以下では、「社外広報」と「社内広報」の役割と具体的な仕事内容についてご紹介します。
社内広報
社内広報とは、従業員に対して情報発信を行い業務の円滑化を図るべくコミュニケーションを推進する業務のことをいいます。
従業員のモチベーション向上、所属する組織に対する理解と関心を深めることを目的としています。
仕事内容① 社内報の作成
代表的な業務ともいえる社内報の作成は、企業のビジョンや経営方針を浸透させたりメディアに掲載された情報を周知する目的のもので、主に紙とWebの2通りで行われます。
ポスターや冊子など紙媒体の社内報は作成に手間がかかるものの、一覧性に優れており社内の目につく位置に配置することで閲覧率が高くしっかり目を通してもらえるケースが多くあります。
メールやポータルサイトなどWeb媒体を活用した社内報は、紙に比べると手間やコストの削減が可能になるため少人数体制でも運用しやすいというメリットがあります。
また、アプリを活用して閲覧数や読了率などデータの集計を取ったり、双方向のコミュニケーションが取れるような仕組みを作ることで業務の改善・効率化を図ることが可能になります。
長期的に把握して欲しい内容なのか、リアルタイムで届けたい情報なのかなど目的によってどう使い分けるかを考えることも重要です。
仕事内容② 社内イベントの企画・開催
従業員やその家族も参加の対象になることがある社内イベントは、社員間の交流や仕事に対するモチベーションアップを目的に開催されます。
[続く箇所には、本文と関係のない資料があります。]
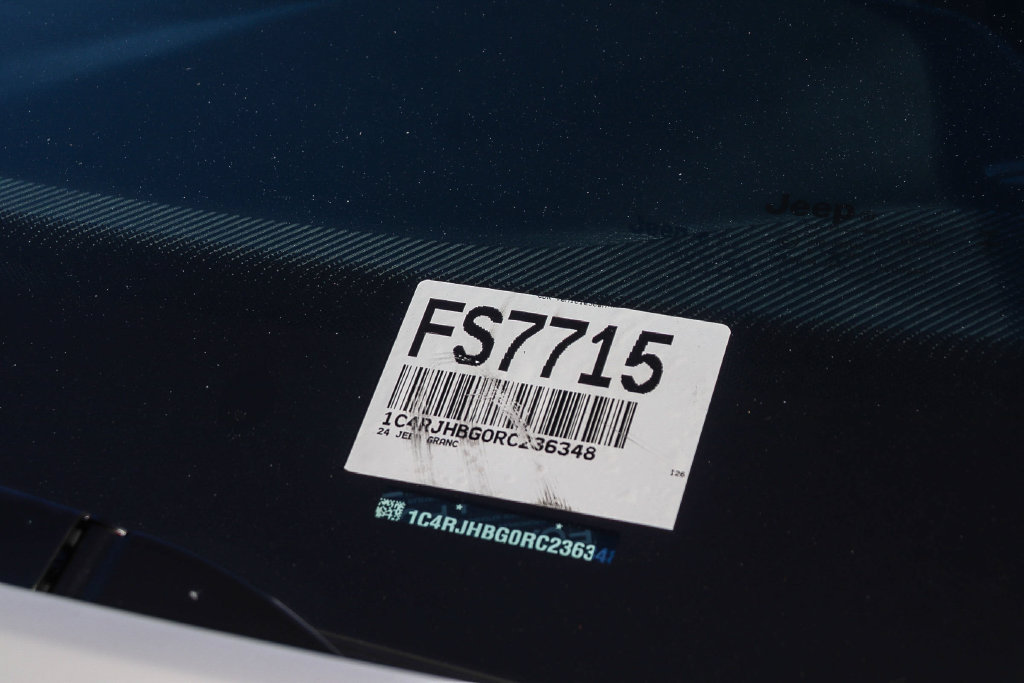 Used 2024 Jeep Grand Cherokee Limited AWD/4WD image 30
様々なイベントを企画することで、活気がある組織だと社内外に向けてアピールすることもできます。
従業員同士が仲良くなることで働きやすい環境が生まれ、結果として生産性が向上し業績にも貢献できるといえるでしょう。
従業員の団結力を高めるためにも、定期的な社内イベントの開催をおすすめします。
社外広報
社外広報とは、株主や消費者などの社外にいるステークホルダーに向けて情報発信を行う業務のことをいいます。
企業や団体の活動内容を広く伝えて良好な関係を築くことが主な仕事です。
仕事内容① プレスリリースの作成
新商品・サービスの発表はもちろん人事・組織変更や決算などの企業動向まで、組織は自らに関する新しい情報を「プレスリリース」を通してメディアへ発信します。
メディアを介して発信された情報は多くの人の目に留まりますが、ステークホルダーに届けるためには読者層・視聴者層がマッチしたメディアに取り上げてもらう必要があります。
メディアは社会的意義のあるプレスリリースをニュースのネタとして取り上げるため、同じ内容でも様々な切り口でメディアにアプローチすることが重要です。
仕事内容② メディアからの取材対応
プレスリリースやその他メディアで情報をキャッチした記者から取材依頼が来ることがあります。
取材内容が組織にとって有益かどうか、公開して問題が無い情報かなどを考慮したうえで取材を受けるか否かを広報担当者が判断します。
取材を受ける場合は会場の準備や取材対象の社員と日程調整を行い、取材中のフォローはもちろん、後日メディアとのやりとりまで抜かりなく行います。
組織とメディアがお互いに満足できる取材となるように、裏方としてスムーズな対応を心掛けましょう。
仕事内容③ SNS・ブログの更新
SNSの拡散力を活かして一般消費者からの認知を拡大させることは、組織の信頼度アップやブランド力の向上にも貢献します。
また、Web上で費用を抑えつつ手軽に始めることができるのも、メリットのひとつと言えるでしょう。
アプリやツールを活用することで効果を分析することも可能です。
SNSや自社メディアの活用は「新時代に不可欠な広報・PR活動」と言っても過言ではないでしょう。
今後求められる「広報パーソン」の必須スキル
前述したように、広報とは組織の代表として表に立つこともあれば縁の下の力持ちとして裏方に徹することもある業務範囲の広い仕事です。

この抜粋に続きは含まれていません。